The data below should be restated word for word, with every picture omitted.

** Opening Input data block **

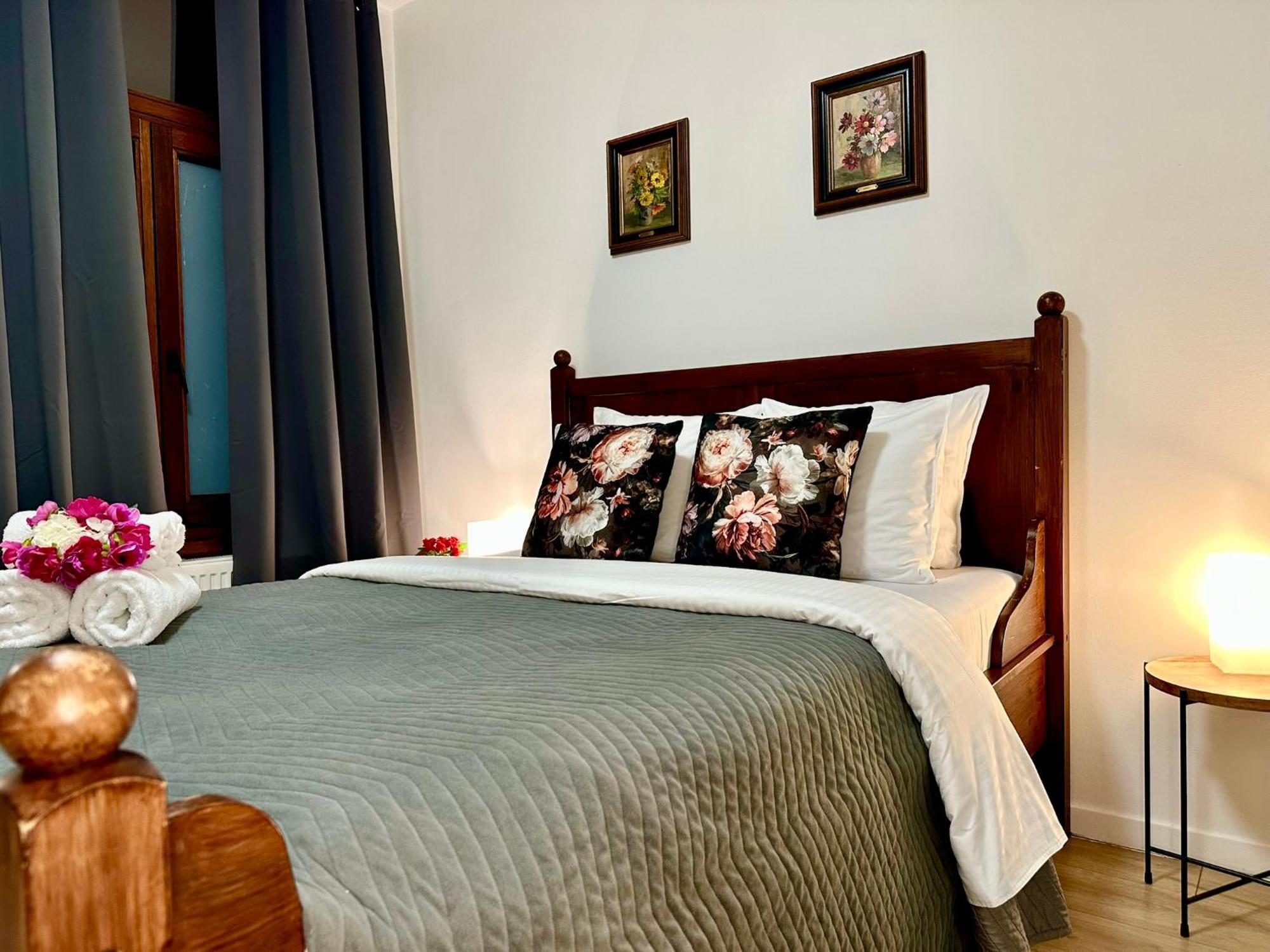 Luxury Suites Centrum By Rikas Hotels Αμβέρσα Εξωτερικό φωτογραφία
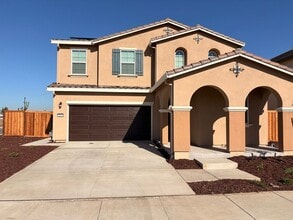 844 Summerhouse Dr in Patterson, CA - Building Photo - Building Photo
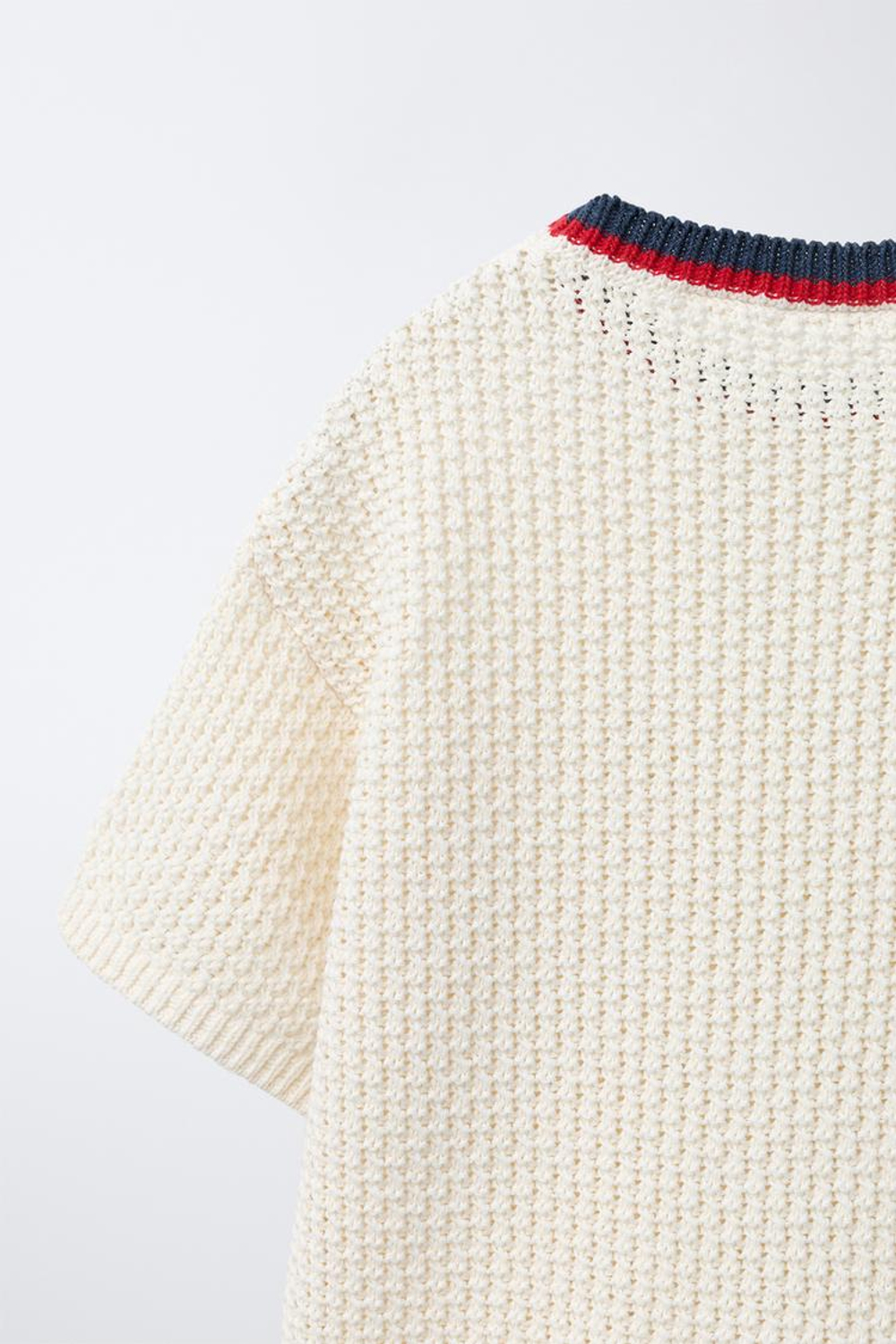 ZARA ФУТБОЛКА ИЗ РЕЛЬЕФНОЙ ТКАНИ С КОНТРАСТНЫМ ВОРОТНИКОМ, ЭКРЮ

** Closing Input data block **

Solution:
 Luxury Suites Centrum By Rikas Hotels Αμβέρσα Εξωτερικό φωτογραφία
 844 Summerhouse Dr in Patterson, CA - Building Photo - Building Photo
 ZARA ФУТБОЛКА ИЗ РЕЛЬЕФНОЙ ТКАНИ С КОНТРАСТНЫМ ВОРОТНИКОМ, ЭКРЮ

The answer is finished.